__Your task__
Every entry is to be copied exactly as written, and the pictures are to be skipped.

__Records__
=== Begin Enclosure ===
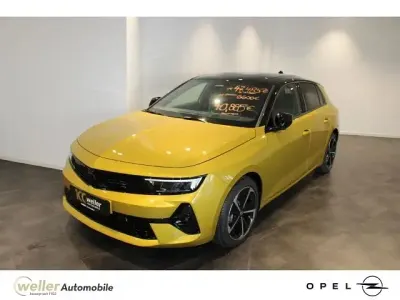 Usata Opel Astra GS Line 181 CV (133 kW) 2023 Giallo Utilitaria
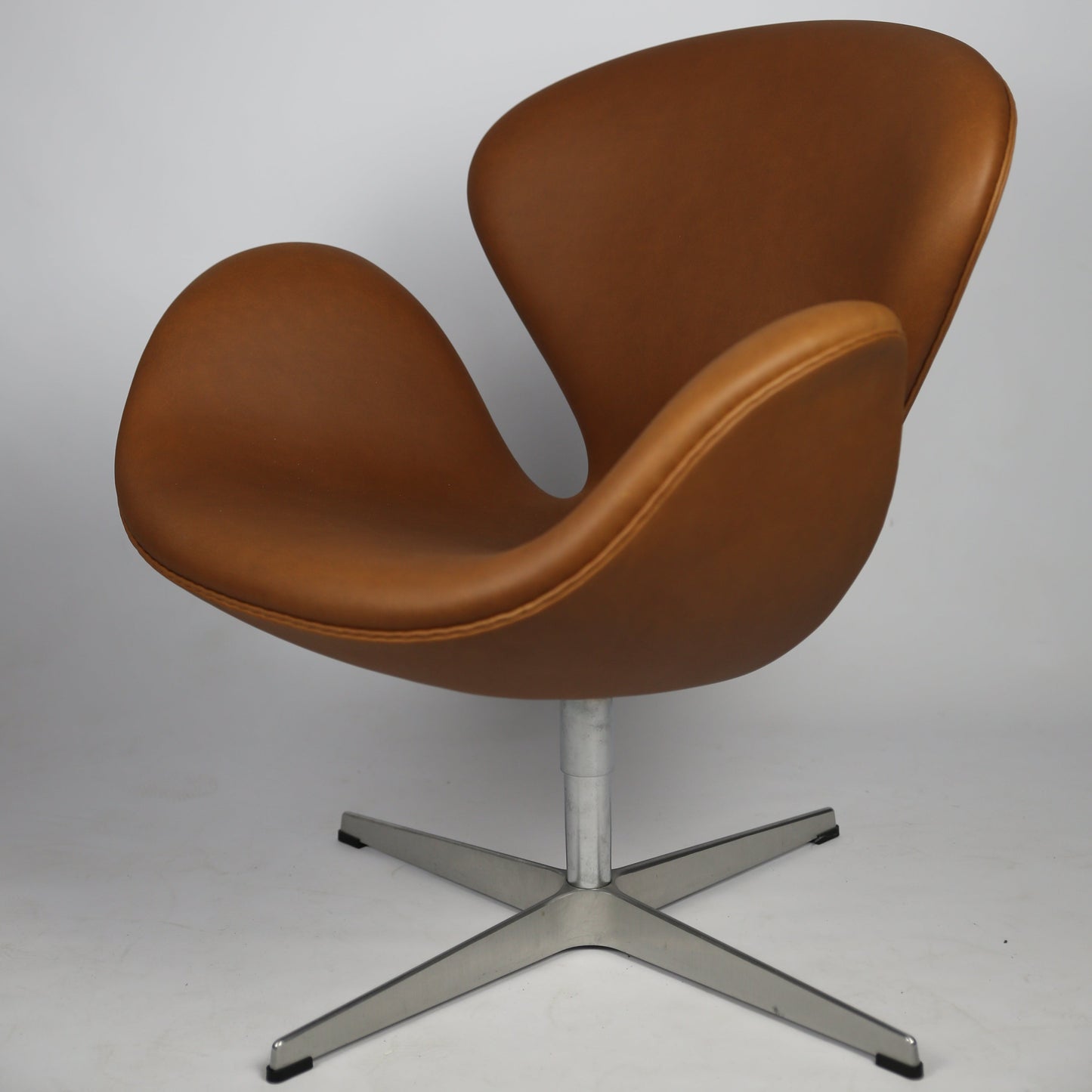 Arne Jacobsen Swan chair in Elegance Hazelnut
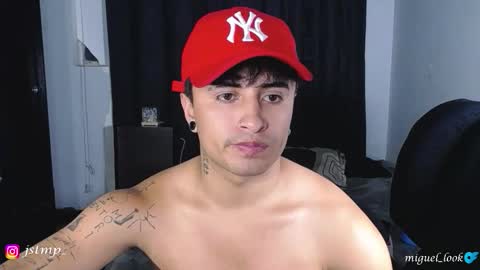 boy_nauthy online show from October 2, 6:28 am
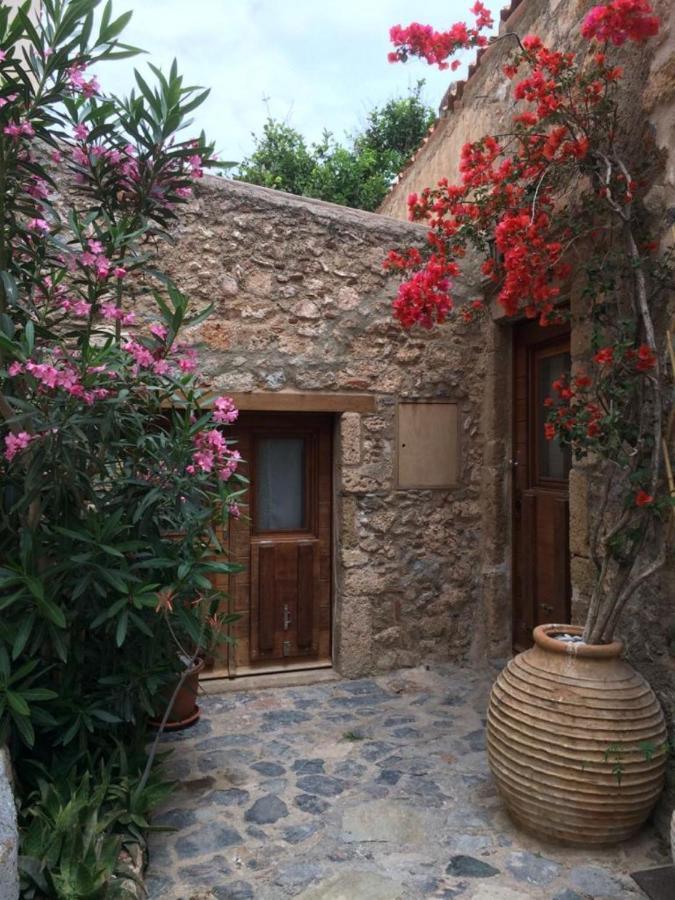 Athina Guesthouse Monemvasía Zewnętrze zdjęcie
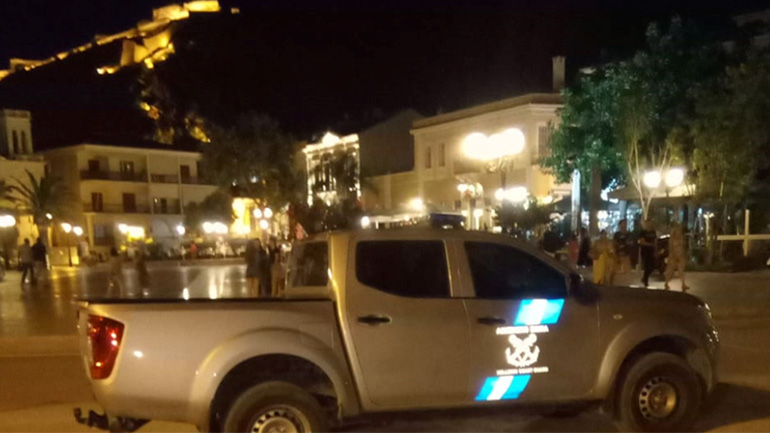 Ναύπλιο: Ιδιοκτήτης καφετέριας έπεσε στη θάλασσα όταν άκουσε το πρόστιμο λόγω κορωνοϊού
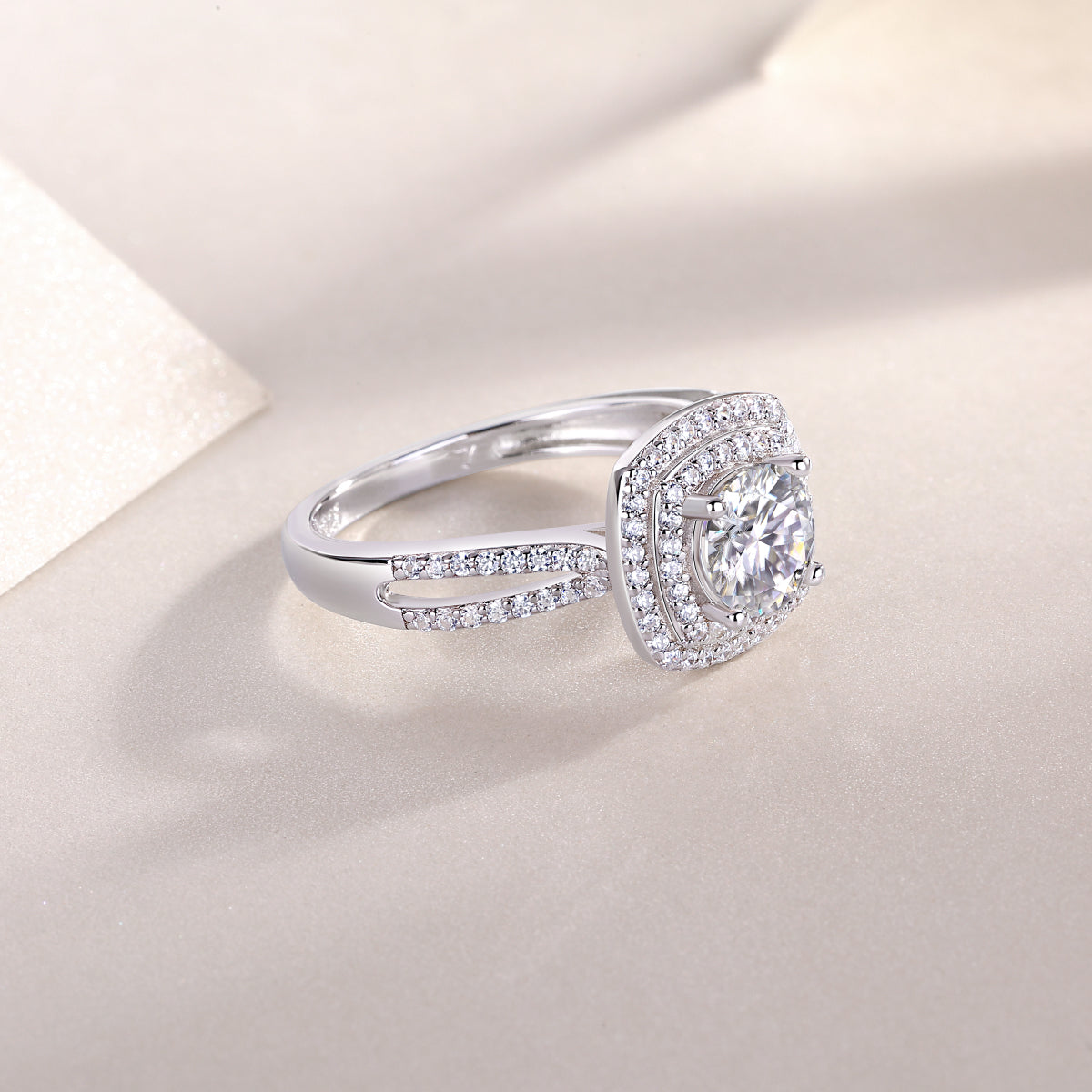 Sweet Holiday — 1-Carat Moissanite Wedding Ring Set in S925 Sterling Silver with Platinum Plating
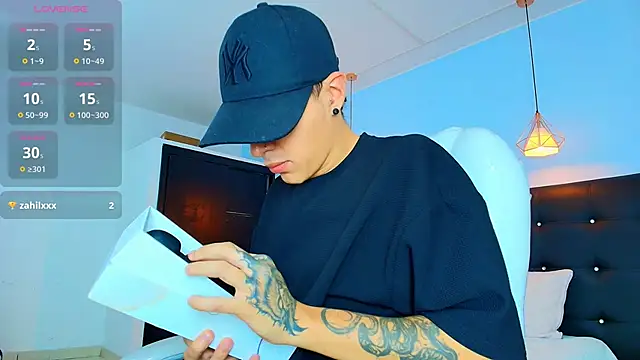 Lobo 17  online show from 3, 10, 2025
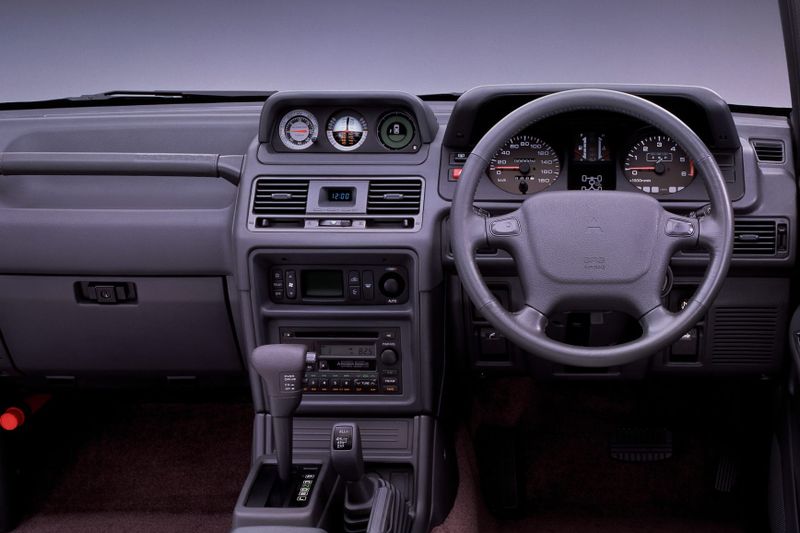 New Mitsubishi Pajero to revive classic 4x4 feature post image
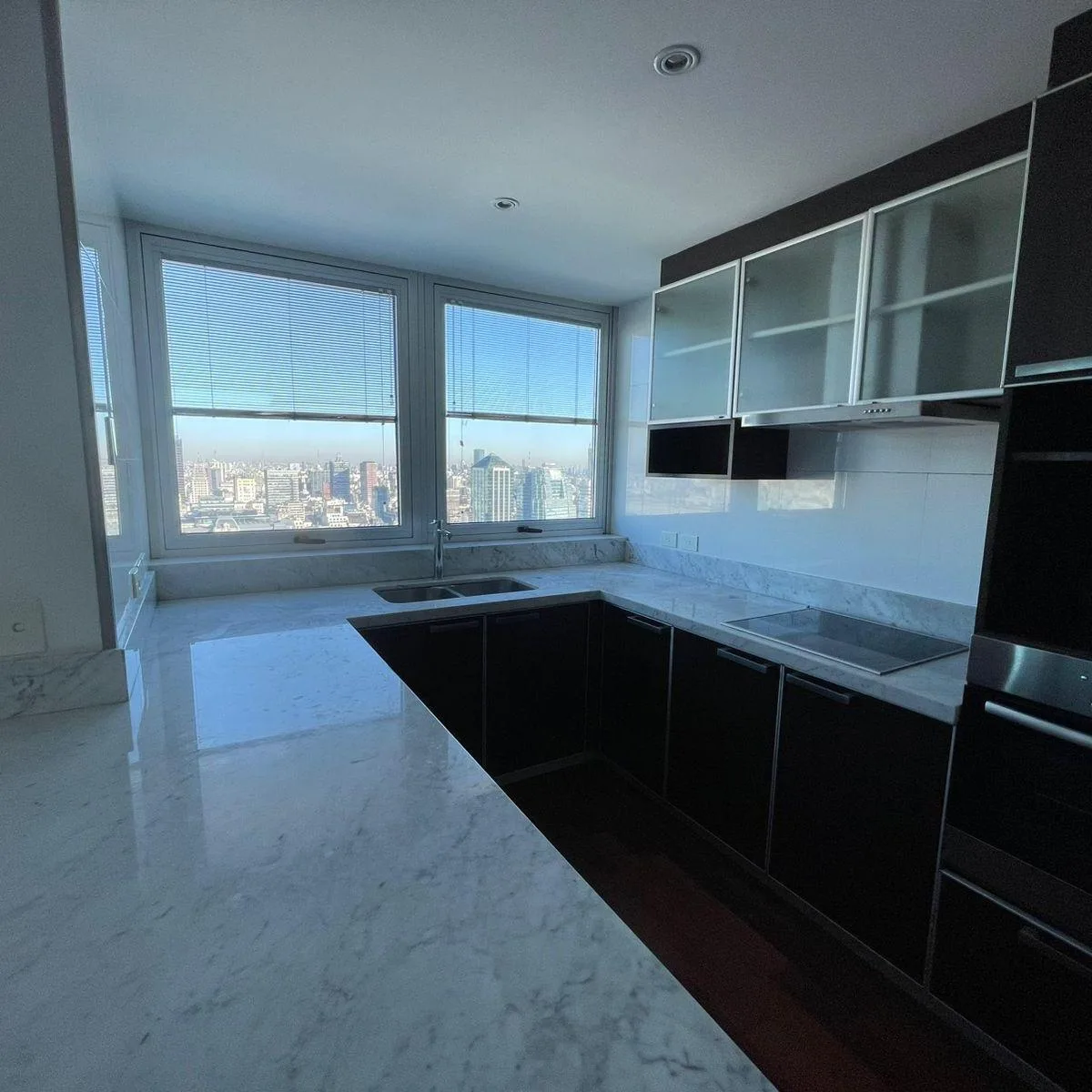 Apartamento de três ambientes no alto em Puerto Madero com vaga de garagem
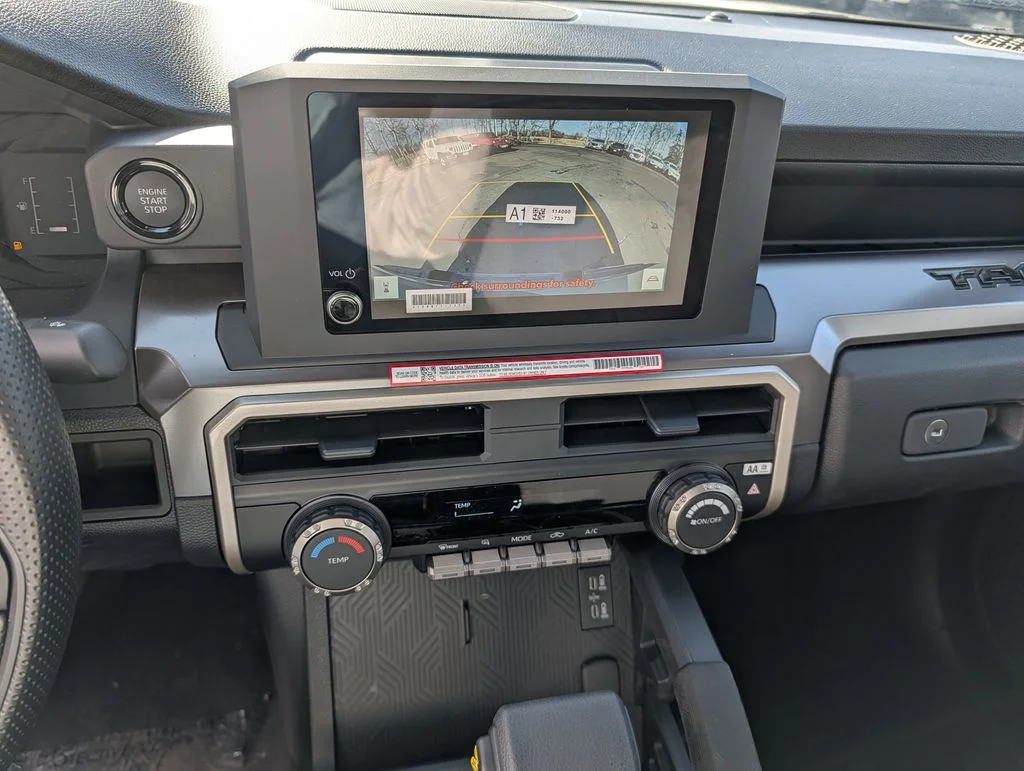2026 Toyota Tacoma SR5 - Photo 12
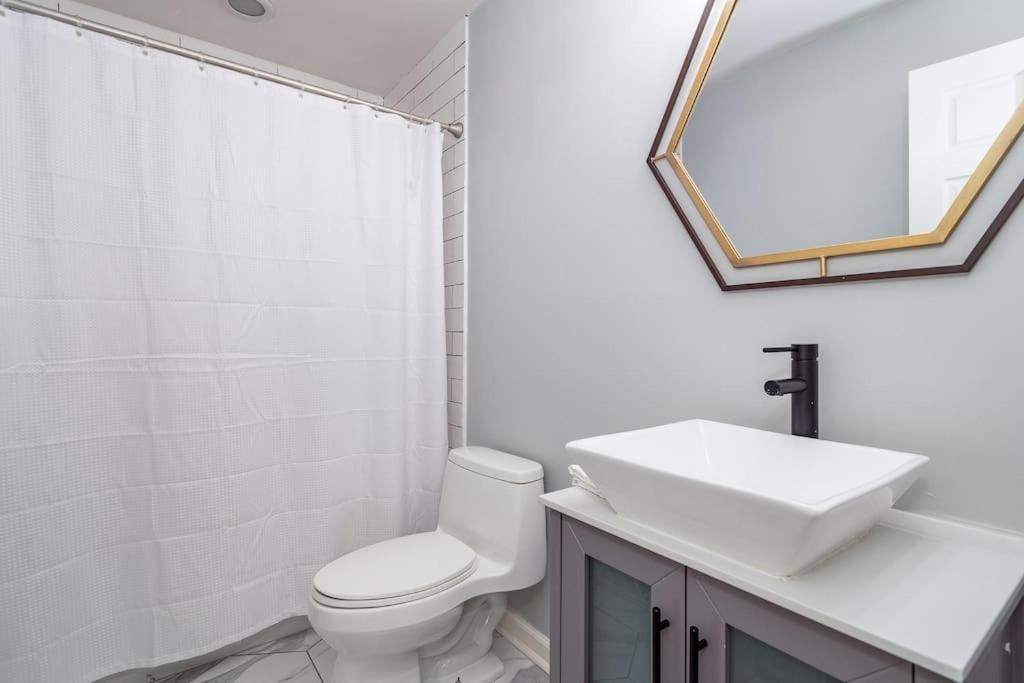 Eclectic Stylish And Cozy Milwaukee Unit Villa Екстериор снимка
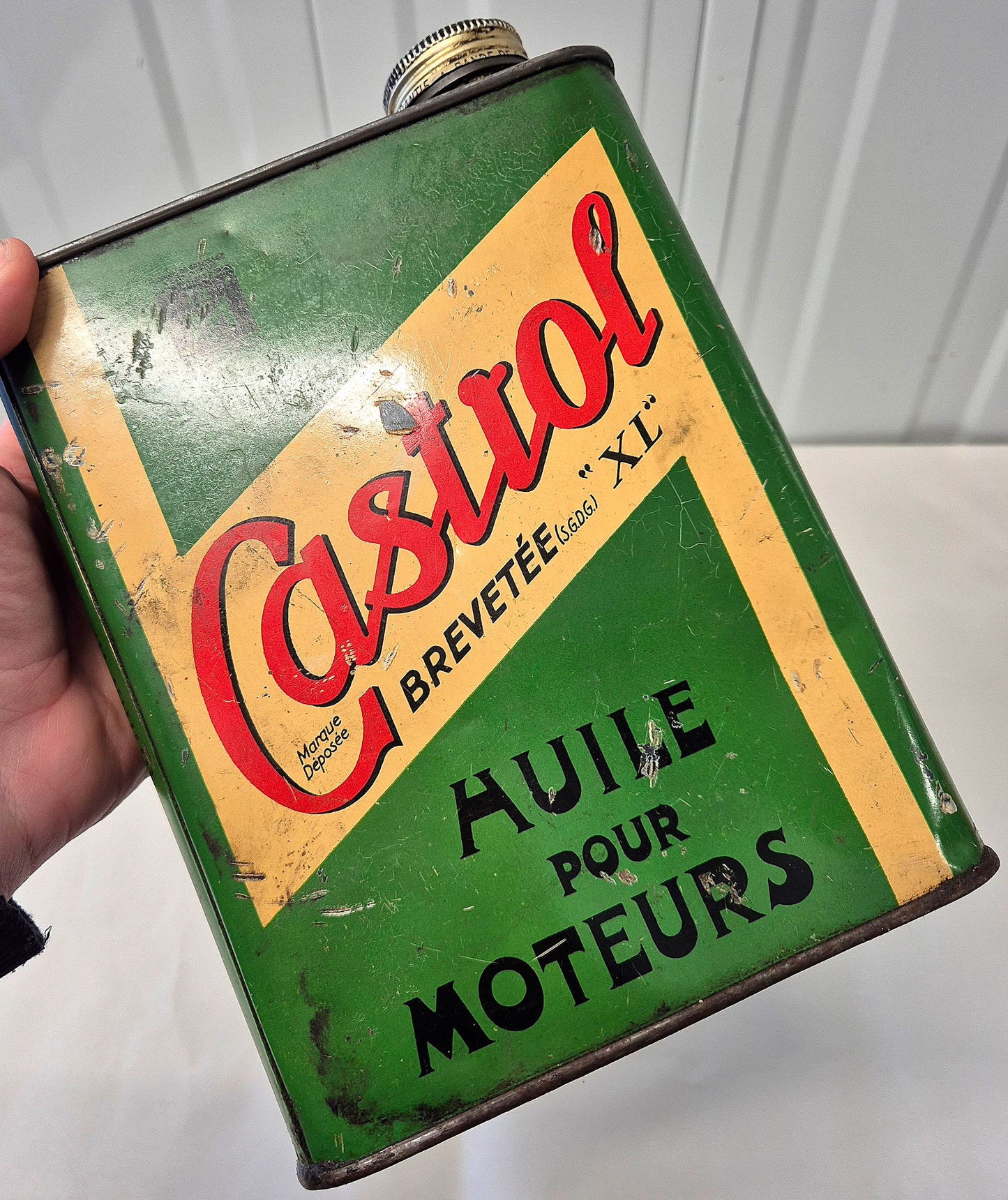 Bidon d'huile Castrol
=== End Enclosure ===
__Answer to the problem__
 Usata Opel Astra GS Line 181 CV (133 kW) 2023 Giallo Utilitaria
 Arne Jacobsen Swan chair in Elegance Hazelnut
 boy_nauthy online show from October 2, 6:28 am
 Athina Guesthouse Monemvasía Zewnętrze zdjęcie
 Ναύπλιο: Ιδιοκτήτης καφετέριας έπεσε στη θάλασσα όταν άκουσε το πρόστιμο λόγω κορωνοϊού
 Sweet Holiday — 1-Carat Moissanite Wedding Ring Set in S925 Sterling Silver with Platinum Plating
 Lobo 17  online show from 3, 10, 2025
 New Mitsubishi Pajero to revive classic 4x4 feature post image
 Apartamento de três ambientes no alto em Puerto Madero com vaga de garagem
2026 Toyota Tacoma SR5 - Photo 12
 Eclectic Stylish And Cozy Milwaukee Unit Villa Екстериор снимка
 Bidon d'huile Castrol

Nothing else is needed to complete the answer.